Fitzpatrick's Fabulous Future: refactoring

Showing posts with label refactoring. Show all posts

Tuesday, May 8, 2018

Refactor when you need it

The development cycle for Agile and TDD is simple:

Define a new requirement
Write a test for that requirement
Run the test (and see that it fails)
Change the code to make the test pass
Run the test (and see that it passes)
Refactor the code to make it clean
Run the test again (and see that it still passes)

Notice that refactor step near the end? That is what keeps your code clean. It allows you to write a messy solution quickly.

A working solution gives you a good understanding of the requirement, and its affect on the code. With that understanding, you can then improve the code, making it clear for other programmers. The test keeps your revised solutions correct -- if a cleanup change breaks a test, you have to fix the code.

But refactoring is not limited to after a change. You can refactor before a change.

Why would you do that? Why would you refactor before making any changes? After all, if your code is clean, it doesn't need to be refactored. It is already understandable and maintainable. So why refactor in advance?

It turns out that code is not always perfectly clean. Sometimes we stop refactoring early. Sometimes we think our refactoring is complete when it is not. Sometimes we have duplicate code, or poorly named functions, or overweight classes. And sometimes we are enlightened by a new requirement.

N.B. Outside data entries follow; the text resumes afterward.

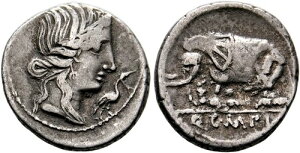 TEXJCiE}[iEJGVAaBfiEX 81a. C.ZJE~^[BVo[3,8B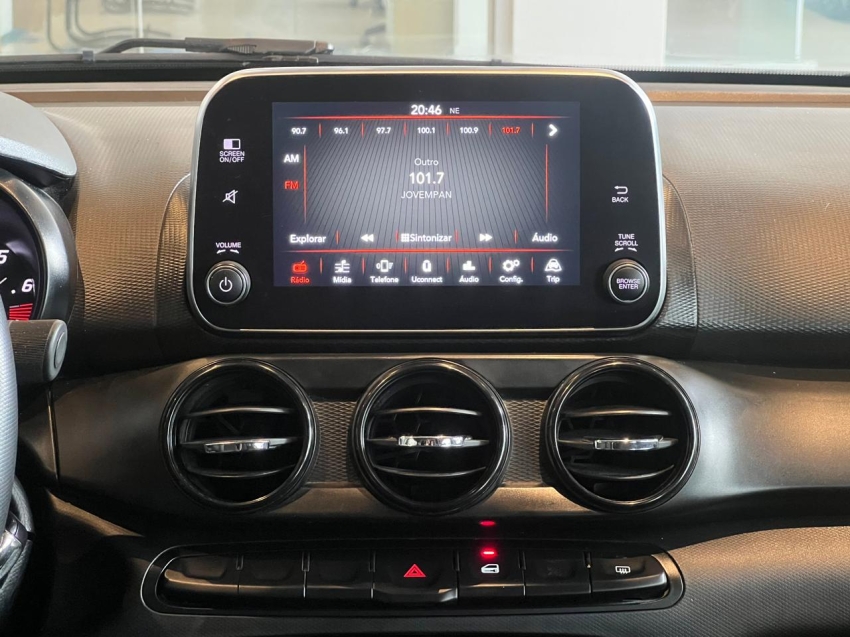 fiat argo 1.0 firefly flex drive manual gasolina 4p 20227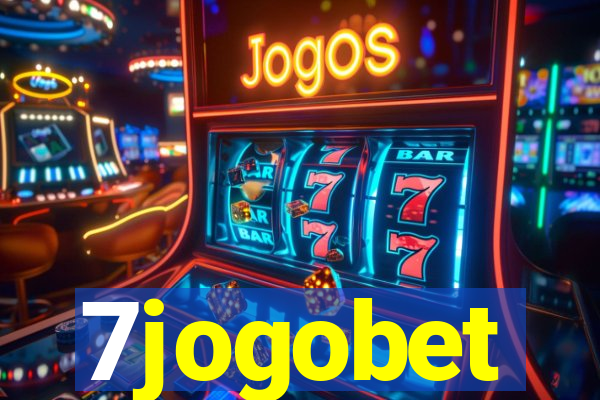 7jogobet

A new requirement can force us to look at the code from a different angle. We can see new patterns, or see opportunities for improvement that we failed to see earlier.

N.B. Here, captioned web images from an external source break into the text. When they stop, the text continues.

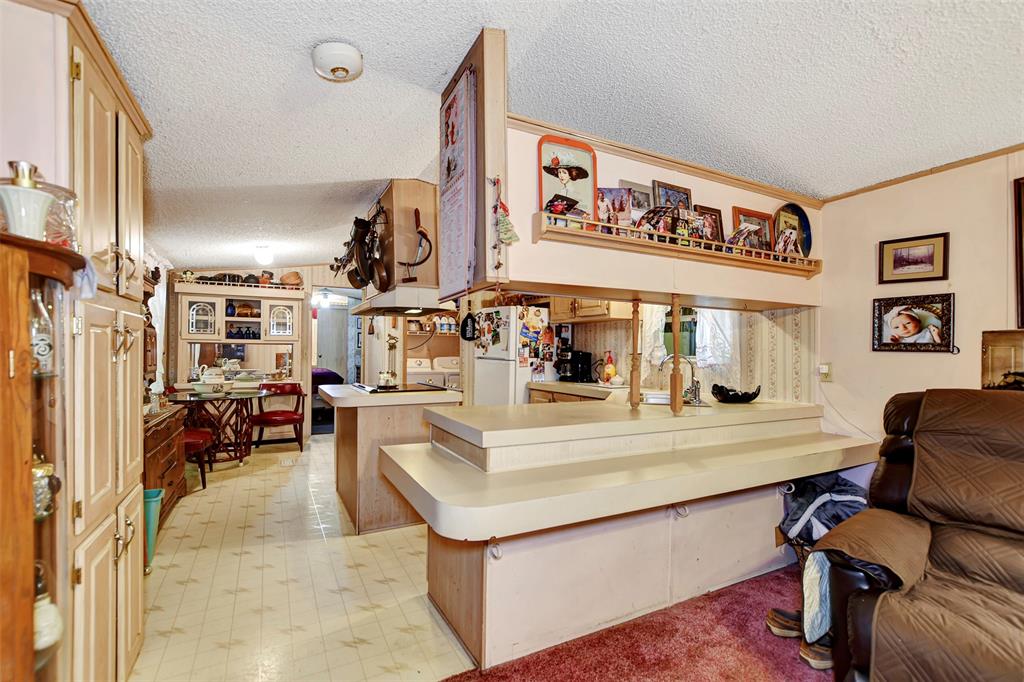 314 Placid Lake Lane, Magnolia, Texas image 14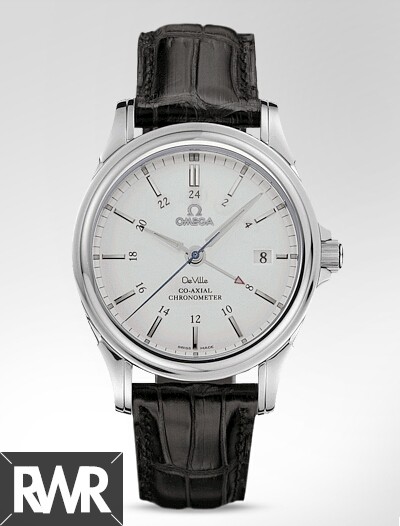 Omega omega 8328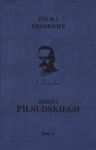 jozefa-pilsudskiego-pisma-zbiotowe-tom-5.jpg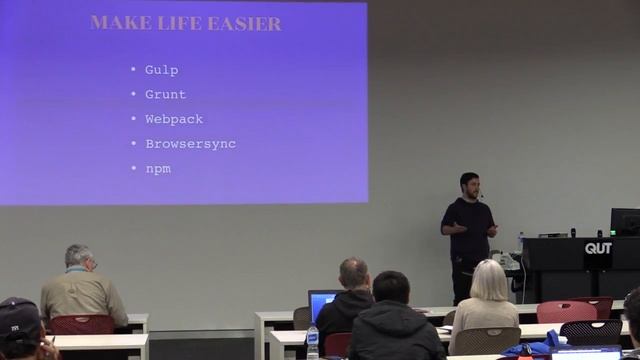 Roller Coaster Journey Wordpress Development: Harley Oliver смотреть онлайн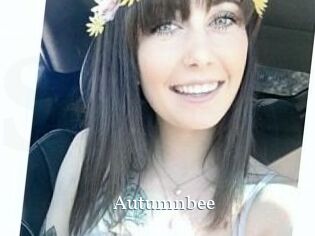 Autumnbee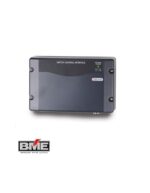 CZone-Switch-Control-Interface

When that happens, we see new ways of organizing the code. Often, the new organization allows for an easy change to meet the requirement. We might refactor classes to hold data in a different arrangement (perhaps a dictionary instead of a list) or break large-ish blocks into smaller blocks.

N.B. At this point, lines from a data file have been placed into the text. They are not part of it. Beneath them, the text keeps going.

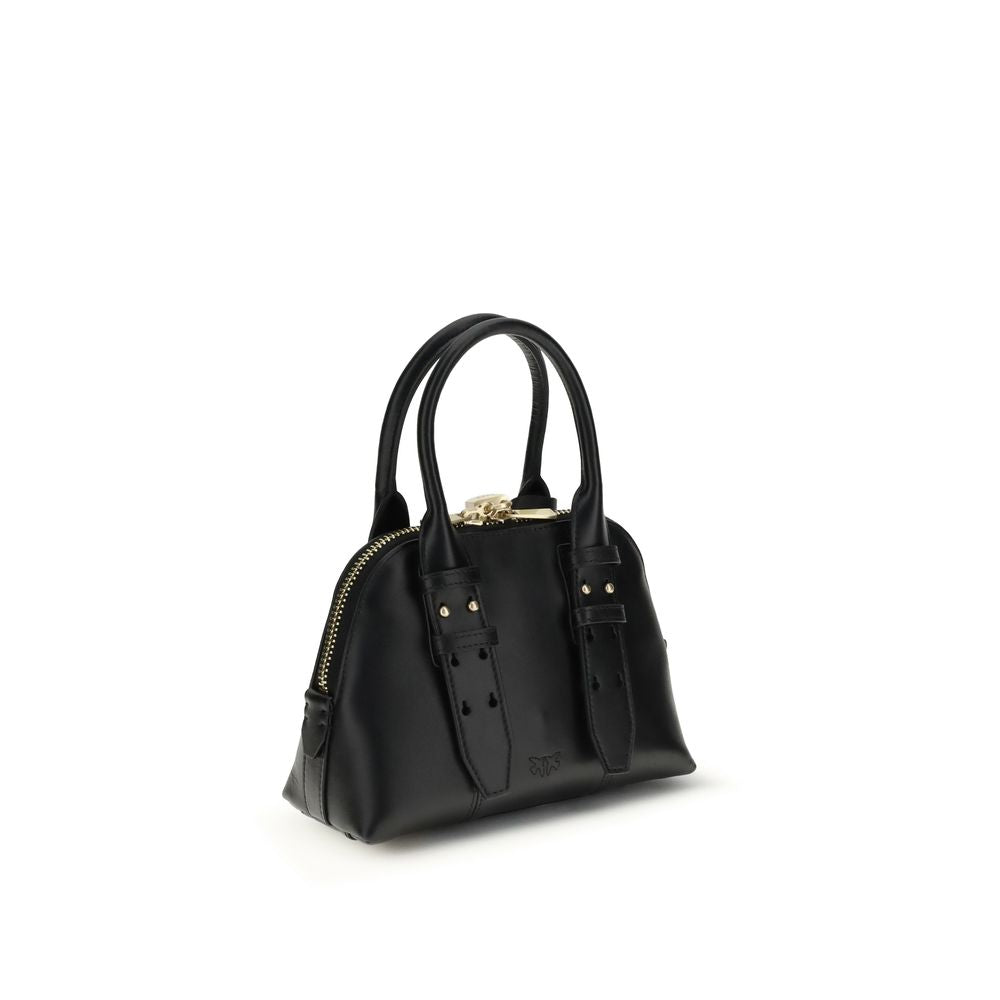 Mini Escape Handbag PINKO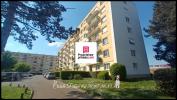 Vente Appartement Dreux 3 pieces 56 m2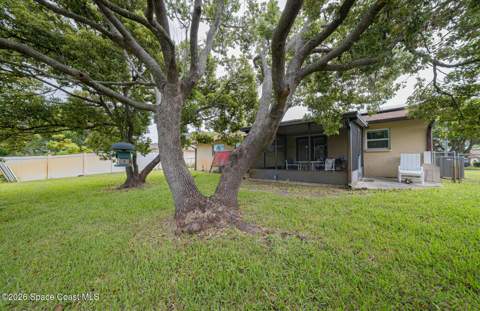 4040 Raney Road, Titusville FL - photo 22 of 28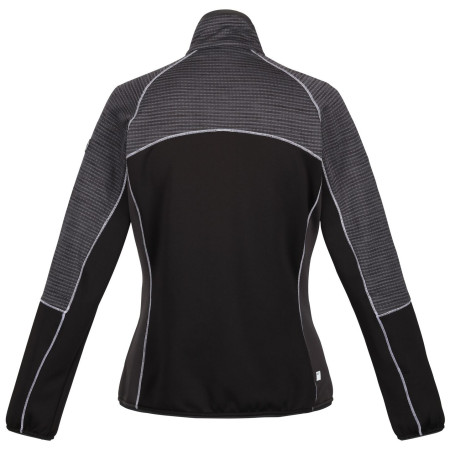 Ženska dukserica Regatta Wmns Yare VI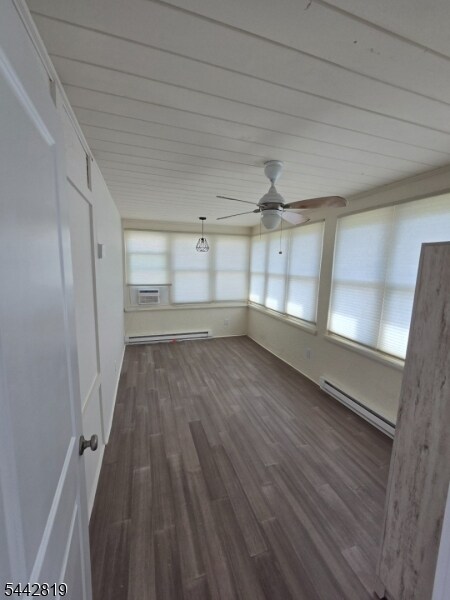 Building Photo - 56 S Mountain Ave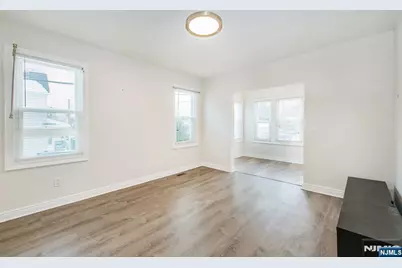 47 Lincoln Avenue 1 #1, Fair Lawn, NJ 07410 - Photo 11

In this situation, it is better to refactor the code before adding the new requirement. Instead of adding the new feature and refactoring, perform the operations in reverse sequence: refactor and then add the requirement. (Of course, you still test and you can still refactor at the end.) The full sequence is:

Define a new requirement
Write a test for that requirement
Run the test (and see that it fails)
Examine the code and identify improvements
Refactor the code (without adding the new requirement)
Run tests to verify that the code still works (skip the new test)
Change the code to make the test pass
Run the test (and see that it passes)
Refactor the code to make it clean
Run the test again (and see that it still passes)

I've added the new steps in bold.

Agile has taught us is to change our processes when the changes are beneficial. Changing the Agile process is part of that. You can refactor before making changes. You should refactor before making changes, when the refactoring will help you.

Monday, August 8, 2016

Agile is all about code quality

Agile promises clean code. That's the purpose of the 'refactor' phase. After creating a test and modifying the code, the developer refactors the code to eliminate compromises made during the changes.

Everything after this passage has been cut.